DESCRIPTION OF THE TASK –
Filter these entries down to the lines that hold the word "Women", and show each of them.

Dataset entries –
= Beginning of Section =

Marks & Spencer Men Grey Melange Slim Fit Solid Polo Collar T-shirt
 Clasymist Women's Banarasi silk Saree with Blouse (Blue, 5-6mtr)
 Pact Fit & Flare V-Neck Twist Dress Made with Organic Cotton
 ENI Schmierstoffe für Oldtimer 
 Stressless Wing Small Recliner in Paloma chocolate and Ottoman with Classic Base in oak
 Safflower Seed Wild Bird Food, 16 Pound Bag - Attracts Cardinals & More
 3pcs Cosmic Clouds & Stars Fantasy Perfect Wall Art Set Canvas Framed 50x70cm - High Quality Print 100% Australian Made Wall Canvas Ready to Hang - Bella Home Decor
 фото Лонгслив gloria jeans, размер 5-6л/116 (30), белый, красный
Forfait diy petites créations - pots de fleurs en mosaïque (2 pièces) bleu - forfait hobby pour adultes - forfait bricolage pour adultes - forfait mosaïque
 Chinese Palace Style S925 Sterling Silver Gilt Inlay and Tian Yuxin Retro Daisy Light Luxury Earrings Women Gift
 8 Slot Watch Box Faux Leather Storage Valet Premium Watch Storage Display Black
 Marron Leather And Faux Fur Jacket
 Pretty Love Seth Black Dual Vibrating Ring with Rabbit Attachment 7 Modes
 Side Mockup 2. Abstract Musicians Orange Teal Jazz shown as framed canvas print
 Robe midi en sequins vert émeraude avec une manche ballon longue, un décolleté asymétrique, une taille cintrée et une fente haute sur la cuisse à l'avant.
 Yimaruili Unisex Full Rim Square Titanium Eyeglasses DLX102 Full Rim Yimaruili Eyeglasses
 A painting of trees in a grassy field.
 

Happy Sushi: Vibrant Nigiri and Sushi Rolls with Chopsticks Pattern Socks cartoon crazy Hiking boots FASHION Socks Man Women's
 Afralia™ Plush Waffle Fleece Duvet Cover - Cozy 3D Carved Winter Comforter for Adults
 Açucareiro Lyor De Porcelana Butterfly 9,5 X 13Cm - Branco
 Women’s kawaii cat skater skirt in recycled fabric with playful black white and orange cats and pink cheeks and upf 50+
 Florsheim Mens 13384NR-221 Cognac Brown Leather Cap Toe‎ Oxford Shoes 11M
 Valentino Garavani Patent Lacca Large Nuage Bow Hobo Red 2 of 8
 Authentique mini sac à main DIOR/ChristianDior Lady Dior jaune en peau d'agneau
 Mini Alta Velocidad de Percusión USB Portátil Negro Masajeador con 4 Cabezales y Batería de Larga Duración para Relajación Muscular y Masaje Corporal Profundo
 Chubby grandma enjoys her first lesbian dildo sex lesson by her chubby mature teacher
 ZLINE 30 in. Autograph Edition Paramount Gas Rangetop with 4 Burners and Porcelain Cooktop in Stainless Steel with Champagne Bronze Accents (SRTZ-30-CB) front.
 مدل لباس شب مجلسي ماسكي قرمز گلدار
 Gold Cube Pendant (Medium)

= End of Section =

ANSWER SPACE –
 Clasymist Women's Banarasi silk Saree with Blouse (Blue, 5-6mtr)
 Chinese Palace Style S925 Sterling Silver Gilt Inlay and Tian Yuxin Retro Daisy Light Luxury Earrings Women Gift
Happy Sushi: Vibrant Nigiri and Sushi Rolls with Chopsticks Pattern Socks cartoon crazy Hiking boots FASHION Socks Man Women's
 Women’s kawaii cat skater skirt in recycled fabric with playful black white and orange cats and pink cheeks and upf 50+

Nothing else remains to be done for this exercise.